Exercise prompt:
Beginning at the line that contains "Exotic Wood Blanks Combo Pack of 10", repeat each line exactly through the last one of the records below, and leave out the pictures.

Supplied material:
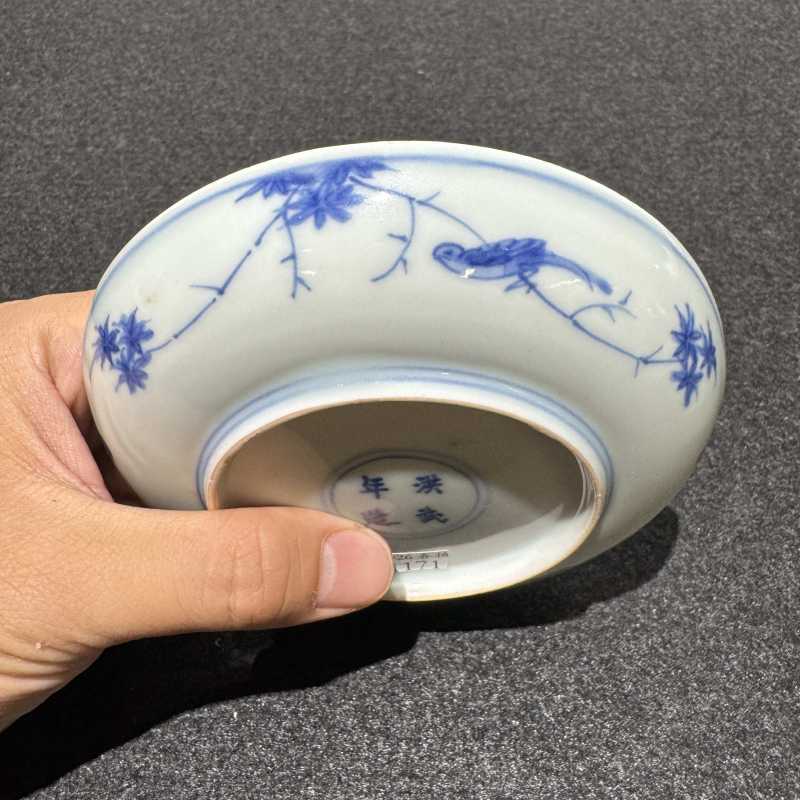 明天启 青花高仕携琴图盘 - 图4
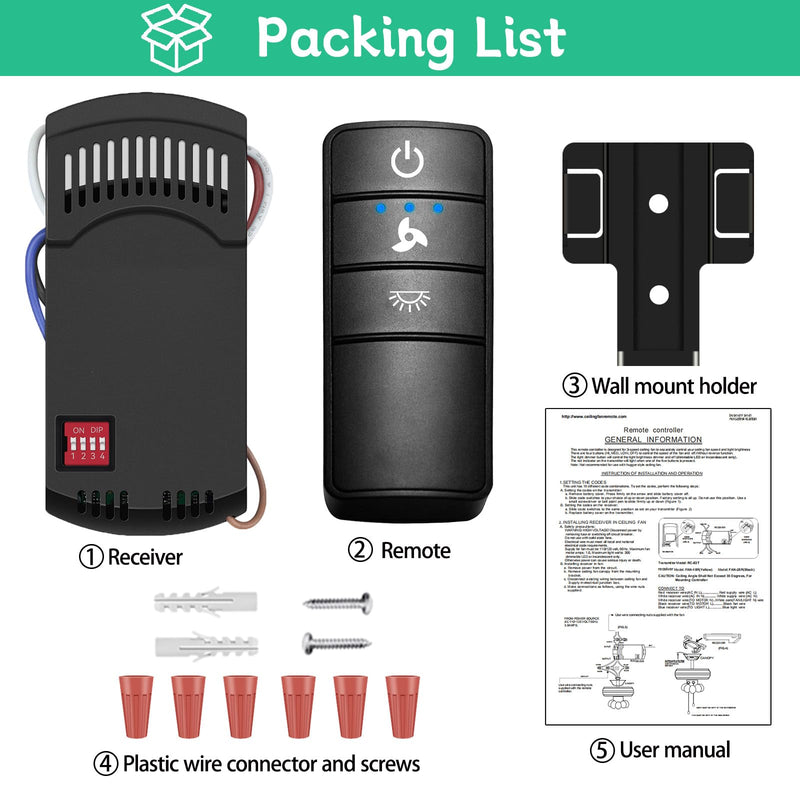 [Australia - AusPower] - Hampton Bay Ceiling Fan Remote, Universal Ceiling Fan Remote Control Kit, 3-Speed, Light Dimmer, Time Delay, Replacement for Hampton Bay Home Decorators Collection Hunter KUJCE10318, 2AAZPHD3/HD3 Remote Control Kit (Hampton Bay) 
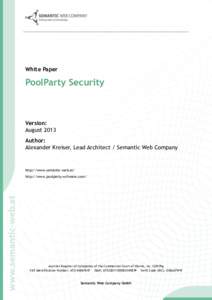White Paper  PoolParty Security Version: August 2013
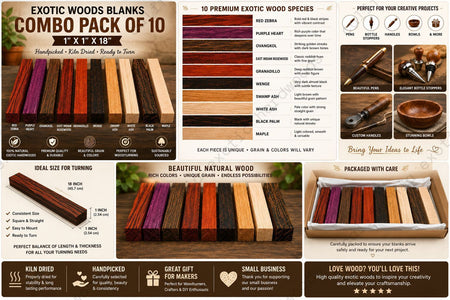 Exotic Wood Blanks Combo Pack of 10
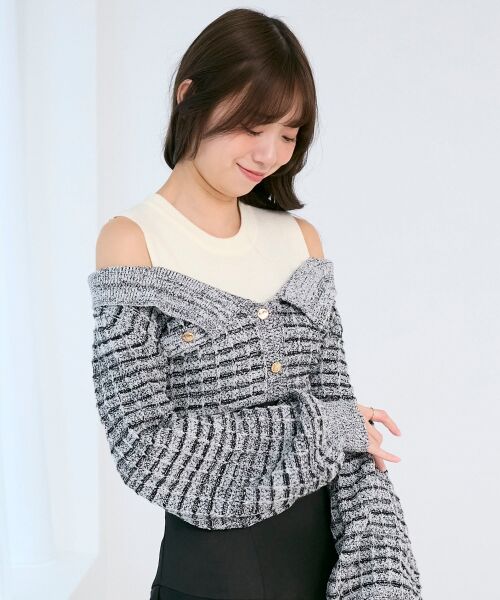 MAJESTIC LEGON / マジェスティックレゴン ミニ丈・ひざ丈ワンピース | ツイードニットドッキングワンピース | 詳細24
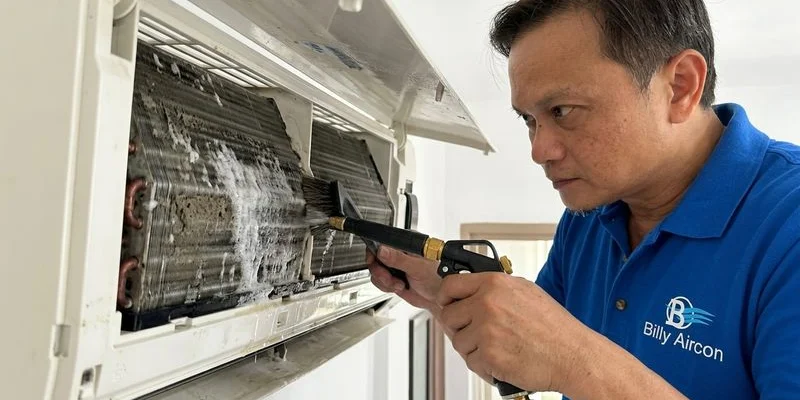 Technician applying chemical cleaning solution to aircon evaporator coils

Answer space:
 Exotic Wood Blanks Combo Pack of 10
 MAJESTIC LEGON / マジェスティックレゴン ミニ丈・ひざ丈ワンピース | ツイードニットドッキングワンピース | 詳細24
 Technician applying chemical cleaning solution to aircon evaporator coils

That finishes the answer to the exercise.